Available data:
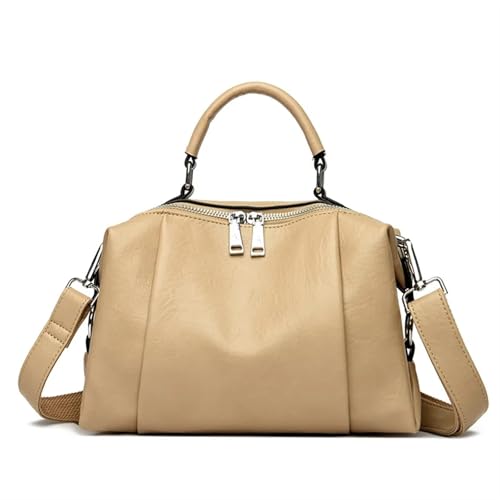 YShiuoL Umhängetasche Damen Umhängetaschen Leder Damen Tasche Mode Plissee Schulter Umhängetasche Große Kapazität Pendler Weibliche Handtasche Messenger(Khaki) von YShiuoL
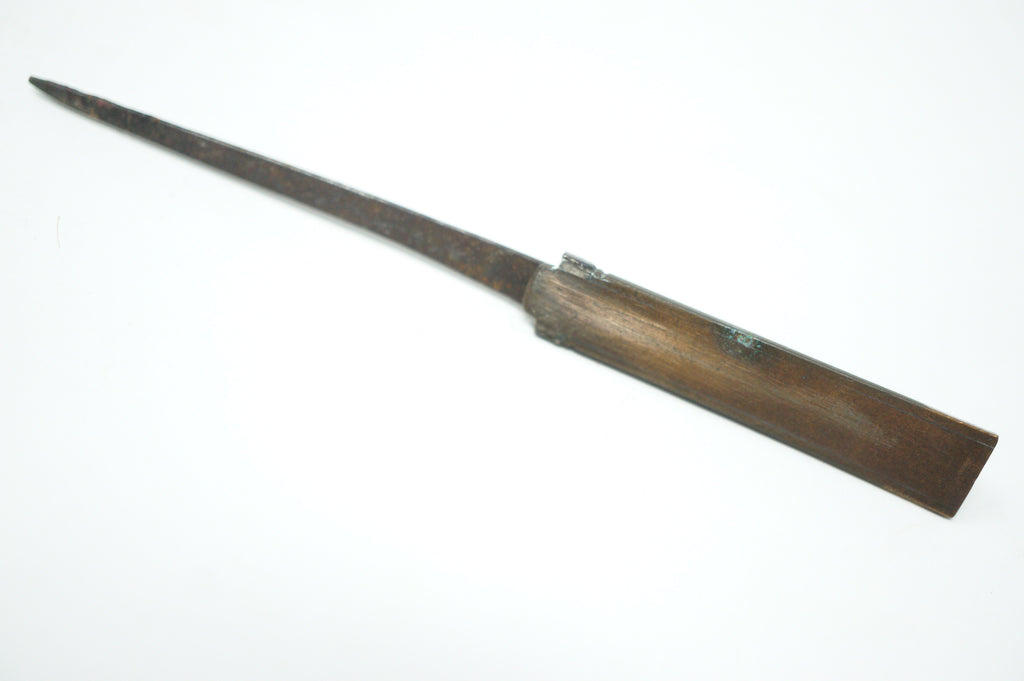 Japanischer Yatate-Tintenbehälter inkl. Messer mit wunderschönem Mondblumen-Design und Signatur aus Japan 1214D30 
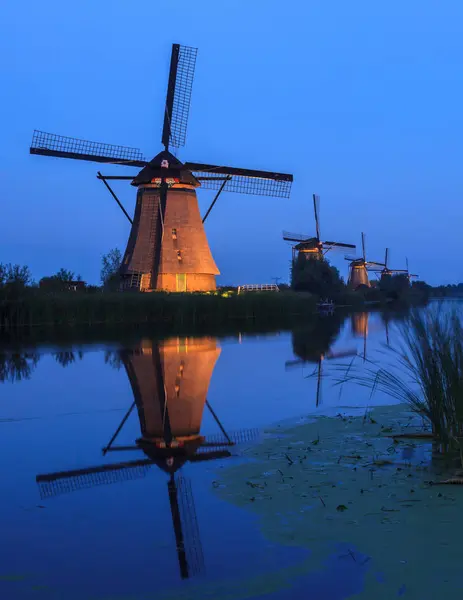 Vista Panorámica Los Molinos Viento Kinderdijk Los Reflectores Holanda — Foto de Stock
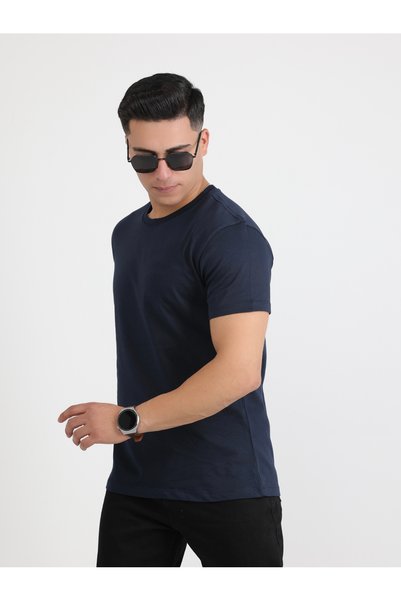 Pientro Men's Dark Blue 100% Cotton Soft Textured S Slim Fit Slim Fit Crew Neck Basic T-Shirt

Exercise description:
Write all the lines above out again exactly, minus the images.

Exercise output:
 YShiuoL Umhängetasche Damen Umhängetaschen Leder Damen Tasche Mode Plissee Schulter Umhängetasche Große Kapazität Pendler Weibliche Handtasche Messenger(Khaki) von YShiuoL
 Japanischer Yatate-Tintenbehälter inkl. Messer mit wunderschönem Mondblumen-Design und Signatur aus Japan 1214D30 
 Vista Panorámica Los Molinos Viento Kinderdijk Los Reflectores Holanda — Foto de Stock
 Pientro Men's Dark Blue 100% Cotton Soft Textured S Slim Fit Slim Fit Crew Neck Basic T-Shirt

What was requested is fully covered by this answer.